When an app is running in the development server, sending an XMPP chat message or
invitation causes the server to print the message to the console. The development server
does not contact the XMPP service or send messages.
The APIs for calling the XMPP service are straightforward. In Python, each major action
is a function in the google.appengine.api.xmpp module. In Java, each action is a method
of an XMPPService object, which you get from XMPPServiceFactory.getXMPPService().
(There is no Java standard API for this one.)


Sending a Chat Invitation
To invite a user to chat in Python, you call the send_invite() method. It takes the
recipient JID as its first argument, and an optional sender JID (from_jid) as its second
argument. By default, it uses app-id@appspot.com as the sender JID.
    from google.appengine.api import xmpp

    jid = 'juliet@example.com'

    xmpp.send_invite(jid)   # from app-id@appspot.com

    xmpp.send_invite(jid, from_jid='support@app-id.appspotchat.com') # from a custom JID

In Java, each JID is represented by a JID object, which you create by passing the
address as a string to the JID constructor.
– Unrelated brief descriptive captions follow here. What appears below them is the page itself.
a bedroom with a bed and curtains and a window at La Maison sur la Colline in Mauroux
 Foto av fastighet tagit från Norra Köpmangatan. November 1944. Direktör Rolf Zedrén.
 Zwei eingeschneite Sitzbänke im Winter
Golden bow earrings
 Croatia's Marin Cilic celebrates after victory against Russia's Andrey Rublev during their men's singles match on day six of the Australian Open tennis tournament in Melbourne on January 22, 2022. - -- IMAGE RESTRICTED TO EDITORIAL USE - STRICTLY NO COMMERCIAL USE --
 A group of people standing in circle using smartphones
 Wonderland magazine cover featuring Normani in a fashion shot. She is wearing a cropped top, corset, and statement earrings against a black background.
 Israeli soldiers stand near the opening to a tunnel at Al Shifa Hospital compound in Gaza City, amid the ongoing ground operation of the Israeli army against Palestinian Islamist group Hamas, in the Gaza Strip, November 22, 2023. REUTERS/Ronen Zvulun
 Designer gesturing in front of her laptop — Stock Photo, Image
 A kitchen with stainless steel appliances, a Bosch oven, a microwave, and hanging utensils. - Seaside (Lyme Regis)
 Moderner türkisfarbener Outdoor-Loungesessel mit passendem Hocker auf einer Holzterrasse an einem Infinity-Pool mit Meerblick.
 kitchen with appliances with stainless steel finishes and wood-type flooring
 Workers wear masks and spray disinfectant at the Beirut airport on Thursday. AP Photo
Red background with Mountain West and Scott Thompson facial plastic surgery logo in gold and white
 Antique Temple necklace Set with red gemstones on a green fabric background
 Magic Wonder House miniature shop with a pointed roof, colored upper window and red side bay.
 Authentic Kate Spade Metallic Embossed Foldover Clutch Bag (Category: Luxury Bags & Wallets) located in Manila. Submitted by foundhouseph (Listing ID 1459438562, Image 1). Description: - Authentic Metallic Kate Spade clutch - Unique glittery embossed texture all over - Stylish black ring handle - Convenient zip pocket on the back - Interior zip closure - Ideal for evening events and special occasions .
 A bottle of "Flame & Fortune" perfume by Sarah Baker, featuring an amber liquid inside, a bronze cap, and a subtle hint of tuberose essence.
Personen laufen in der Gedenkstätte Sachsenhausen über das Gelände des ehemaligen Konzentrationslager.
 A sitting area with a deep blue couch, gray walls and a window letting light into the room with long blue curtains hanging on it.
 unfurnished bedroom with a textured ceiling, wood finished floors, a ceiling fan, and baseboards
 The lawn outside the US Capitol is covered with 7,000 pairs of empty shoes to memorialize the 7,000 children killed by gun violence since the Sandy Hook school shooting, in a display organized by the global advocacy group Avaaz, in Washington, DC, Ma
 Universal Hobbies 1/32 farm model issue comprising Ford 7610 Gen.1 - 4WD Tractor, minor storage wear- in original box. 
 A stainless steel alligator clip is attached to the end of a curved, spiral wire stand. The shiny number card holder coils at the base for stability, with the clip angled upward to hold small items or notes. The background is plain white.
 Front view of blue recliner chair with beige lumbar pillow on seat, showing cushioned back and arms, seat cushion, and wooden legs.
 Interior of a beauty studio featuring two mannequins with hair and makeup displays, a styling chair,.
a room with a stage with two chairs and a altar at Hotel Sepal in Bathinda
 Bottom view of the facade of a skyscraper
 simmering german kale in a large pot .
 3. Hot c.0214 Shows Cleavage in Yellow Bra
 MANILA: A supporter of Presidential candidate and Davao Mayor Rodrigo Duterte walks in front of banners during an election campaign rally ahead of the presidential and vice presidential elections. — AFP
To send an invitation, you call the
sendInvitation() method with either one or two arguments:
    import com.google.appengine.api.xmpp.JID;
    import com.google.appengine.api.xmpp.XMPPService;
    import com.google.appengine.api.xmpp.XMPPServiceFactory;

    // ...
             XMPPService xmpp = XMPPServiceFactory.getXMPPService();

             // From app-id@appspot.com:
             xmpp.sendInvitation(JID("juliet@example.com"));

             // From a custom JID:
             xmpp.sendInvitation(JID("juliet@example.com"),
                                 JID("support@app-id.appspotchat.com"));




                                                                  Sending XMPP Messages | 269
Sending a Chat Message
To send a chat message in Python, you call the send_message() function. The function
takes a JID or list of JIDs, the body of the message, and an optional sender JID
(from_jid). It returns a success code, or a list of success codes, one for each recipient JID.
     result = xmpp.send_message(
         'juliet@example.com',
         'Your dog has reached level 12!')

     if result != xmpp.NO_ERROR:
         # ...

By default, this sends a message of the “chat” type. You can send a message of
a different type by setting the message_type parameter. Acceptable values
include    xmpp.MESSAGE_TYPE_CHAT    (the   default),   xmpp.MESSAGE_TYPE_ERROR,
xmpp.MESSAGE_TYPE_GROUPCHAT,           xmpp.MESSAGE_TYPE_HEADLINE,          and
xmpp.MESSAGE_TYPE_NORMAL.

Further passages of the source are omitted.